23 May 2013

Morris and Mayday


Since the month of May opens with Mayday and a flurry of international attention to workers, it seems a good month to reflect on William Morris and his work.  On seeing newscasts of workers marching in Munich and elsewhere on Mayday, I thought back to the May 1885 issue of Commonweal,* which demonstrates Morris’s commitment to causes that still animate May Day celebrations around the globe.  

The May 1885 issue included two writings by Morris: Part 3 of his serial poem The Pilgrims of Hope and the article “Unattractive Labour.”  In the first, the protagonist and his life partner stand on London streets watching the parade that honors soldiers marching off to war with flags unfurled and music playing.  In Morris’s poem the shops and faces lining the street attract even more attention than the blaring sounds and colorful sights of a parade: “The gaudy shops displayed / The toys of rich men's folly, by blinded labour made” and “Worn feet, grey anxious faces, grey backs bowed 'neath the load.”  As Part 3 concludes,

War in the world abroad a thousand leagues away, 
While custom's wheel goes round and day devoureth day. 
Peace at home!--what peace, while the rich man's mill is strife, 
And the poor is the grist that he grindeth, and life devoureth life?

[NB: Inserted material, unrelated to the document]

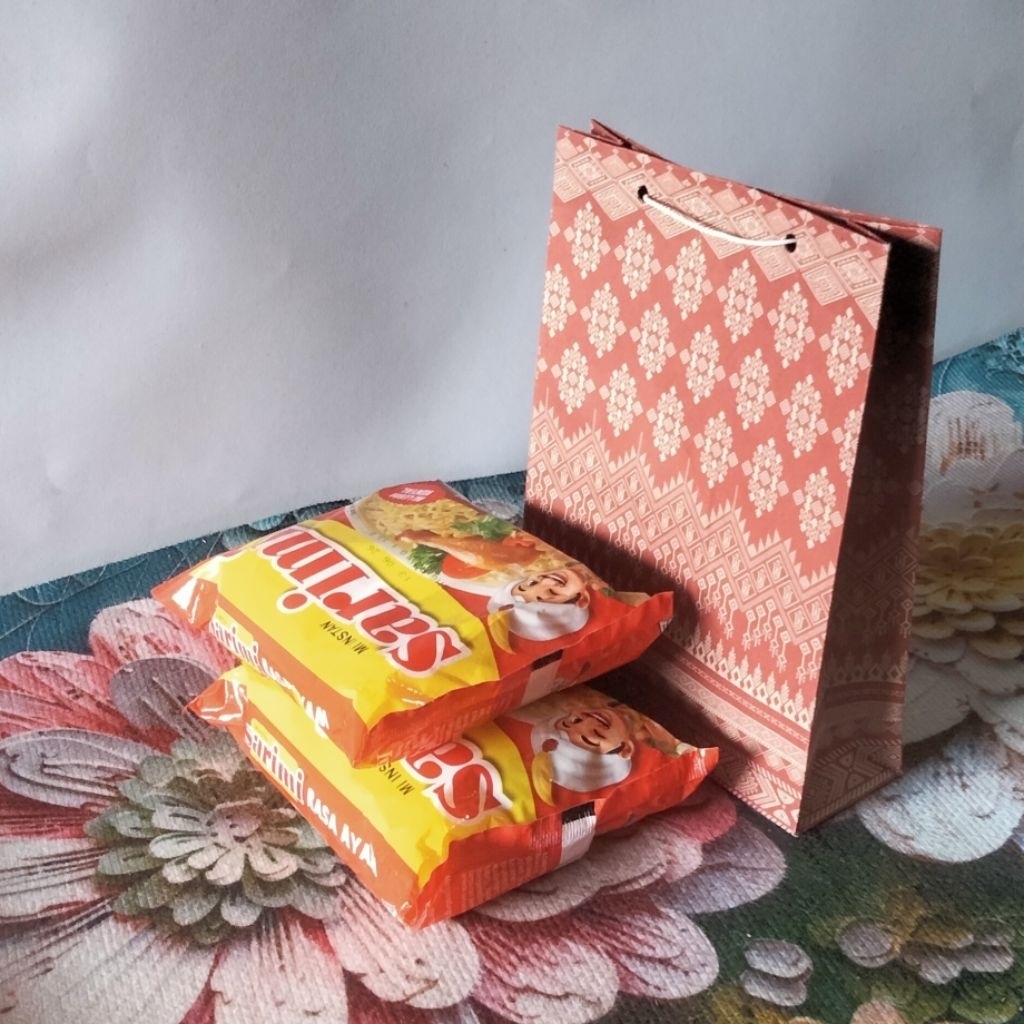 TAS KERTAS BATIK KECIL (50 PCS)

Morris makes no attempt to heroize workers here, and in fact unsentimentally has his protagonist note the filth and stench of those who “from the lairs they had lain in last night went up in the wind.”  “Unattractive Labour” opens with the barren ugliness of most workers’ houses, in contrast to those of the wealthy able to spend enough to beautify their environments.  In Part 3 of Pilgrims of Hope, Morris both vividly evokes a scene and theorizes it, seeing in the common sight of a martial parade a microcosm of an entire system of capitalism hand in hand with an imperialist state.  Similarly, in “Unattractive Labour” he quickly turns to exposing the larger social and economic structures underlying what might at first seem a trivial point.   

For workers’ unadorned homes are “but one of the consequences of wage-slavery. Until that wage-slavery was completed and crowned by the revolution of the great machine industries, there was some attractiveness in the work of the artisan. There is now none, or next to none and the reason why the ornamental wares above-mentioned are so adulterated is because the very ornament itself is but a part of the machine labour, made to sell and not for use whether it be done by human machines or non-human ones.”  Thus the sole hope left is “The hope of revolution, of the transformation of civilization, now become on the face of it a mere corruption and curse to the world, into Socialism, which will set free the hands and minds of men for the production and safeguarding of the beauty of life.” 

Ever the artist as well as the revolutionary socialist, Morris ends his article by tapping the potential power of this pairing:  “to my mind the unattractiveness of labour, which has been the necessary outcome of commercial industry, will have played a great part in this revolution; the price which commercialism will have to pay for depriving the worker of his share of art will be its own death.”  The world has not followed the path Morris foresaw; but his vision of beauty as so radical a human need and social force that it can remake the world remains a powerful one.  And the beauty of Morris’s own socialist poetry and example of his life are reminders that art and social justice can indeed be joined.